* Source material *
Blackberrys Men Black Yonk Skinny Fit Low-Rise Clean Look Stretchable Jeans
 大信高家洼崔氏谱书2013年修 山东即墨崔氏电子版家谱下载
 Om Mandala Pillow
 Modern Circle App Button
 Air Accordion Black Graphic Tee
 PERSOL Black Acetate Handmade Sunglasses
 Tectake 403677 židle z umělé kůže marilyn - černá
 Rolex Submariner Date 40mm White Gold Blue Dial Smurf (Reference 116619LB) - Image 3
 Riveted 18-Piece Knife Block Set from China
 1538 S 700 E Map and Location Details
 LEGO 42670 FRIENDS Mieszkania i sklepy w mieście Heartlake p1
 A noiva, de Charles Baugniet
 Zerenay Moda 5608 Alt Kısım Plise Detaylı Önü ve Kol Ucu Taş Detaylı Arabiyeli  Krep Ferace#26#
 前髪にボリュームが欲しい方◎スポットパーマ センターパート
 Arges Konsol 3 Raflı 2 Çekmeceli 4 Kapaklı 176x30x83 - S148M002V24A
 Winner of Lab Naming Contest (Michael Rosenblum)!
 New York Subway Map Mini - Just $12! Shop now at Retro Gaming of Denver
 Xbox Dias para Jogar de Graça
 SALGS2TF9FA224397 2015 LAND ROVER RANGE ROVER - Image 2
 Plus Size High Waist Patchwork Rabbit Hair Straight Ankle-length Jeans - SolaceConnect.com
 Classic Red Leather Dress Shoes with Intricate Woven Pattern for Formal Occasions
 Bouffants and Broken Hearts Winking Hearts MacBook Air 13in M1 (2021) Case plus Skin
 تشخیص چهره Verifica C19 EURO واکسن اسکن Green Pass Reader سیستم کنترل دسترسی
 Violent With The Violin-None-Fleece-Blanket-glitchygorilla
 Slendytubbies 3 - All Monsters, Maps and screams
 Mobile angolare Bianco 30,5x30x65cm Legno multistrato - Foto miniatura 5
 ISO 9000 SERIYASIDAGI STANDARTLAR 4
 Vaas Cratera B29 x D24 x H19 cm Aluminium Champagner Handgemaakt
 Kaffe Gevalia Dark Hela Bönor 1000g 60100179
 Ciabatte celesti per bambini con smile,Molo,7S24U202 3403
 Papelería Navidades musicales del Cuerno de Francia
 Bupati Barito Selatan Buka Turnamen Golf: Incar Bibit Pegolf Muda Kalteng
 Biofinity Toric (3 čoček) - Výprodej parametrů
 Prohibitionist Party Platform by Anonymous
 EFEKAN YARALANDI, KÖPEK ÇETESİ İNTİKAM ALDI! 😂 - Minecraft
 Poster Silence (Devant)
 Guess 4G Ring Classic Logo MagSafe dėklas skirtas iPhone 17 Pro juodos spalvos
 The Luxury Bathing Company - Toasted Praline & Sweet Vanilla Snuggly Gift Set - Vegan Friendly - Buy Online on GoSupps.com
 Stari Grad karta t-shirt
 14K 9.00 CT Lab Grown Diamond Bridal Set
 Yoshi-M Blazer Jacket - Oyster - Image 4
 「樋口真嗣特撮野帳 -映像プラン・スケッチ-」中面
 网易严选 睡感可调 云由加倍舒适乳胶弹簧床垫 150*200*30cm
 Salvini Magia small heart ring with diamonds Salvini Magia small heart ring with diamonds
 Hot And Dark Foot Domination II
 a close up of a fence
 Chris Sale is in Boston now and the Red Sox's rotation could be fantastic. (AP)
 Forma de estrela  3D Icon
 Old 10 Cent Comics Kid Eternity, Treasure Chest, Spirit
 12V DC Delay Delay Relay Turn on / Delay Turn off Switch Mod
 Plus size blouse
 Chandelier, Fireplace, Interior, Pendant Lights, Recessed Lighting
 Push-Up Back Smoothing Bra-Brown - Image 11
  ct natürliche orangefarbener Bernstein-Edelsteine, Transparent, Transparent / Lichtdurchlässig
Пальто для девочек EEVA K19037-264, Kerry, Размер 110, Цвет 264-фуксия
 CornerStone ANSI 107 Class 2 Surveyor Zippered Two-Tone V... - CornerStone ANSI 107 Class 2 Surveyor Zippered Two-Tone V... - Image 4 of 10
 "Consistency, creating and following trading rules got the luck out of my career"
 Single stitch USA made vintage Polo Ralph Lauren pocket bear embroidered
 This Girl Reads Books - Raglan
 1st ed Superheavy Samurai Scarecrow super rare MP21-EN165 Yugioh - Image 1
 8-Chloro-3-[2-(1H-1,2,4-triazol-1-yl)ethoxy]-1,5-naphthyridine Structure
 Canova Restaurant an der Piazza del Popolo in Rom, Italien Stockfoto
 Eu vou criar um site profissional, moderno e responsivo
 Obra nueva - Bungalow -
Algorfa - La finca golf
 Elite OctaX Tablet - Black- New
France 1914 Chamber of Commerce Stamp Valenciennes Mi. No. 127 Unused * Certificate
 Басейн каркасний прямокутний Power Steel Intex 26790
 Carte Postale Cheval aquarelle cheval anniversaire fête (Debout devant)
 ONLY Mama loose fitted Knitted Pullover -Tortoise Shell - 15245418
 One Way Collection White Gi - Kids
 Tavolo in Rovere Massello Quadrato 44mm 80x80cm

* What you are asked to do *
Copy exactly the lines that run from the first line of the data to the line containing "PERSOL Black Acetate Handmade Sunglasses", please, with both ends included and nothing else.

* Written solution *
Blackberrys Men Black Yonk Skinny Fit Low-Rise Clean Look Stretchable Jeans
 大信高家洼崔氏谱书2013年修 山东即墨崔氏电子版家谱下载
 Om Mandala Pillow
 Modern Circle App Button
 Air Accordion Black Graphic Tee
 PERSOL Black Acetate Handmade Sunglasses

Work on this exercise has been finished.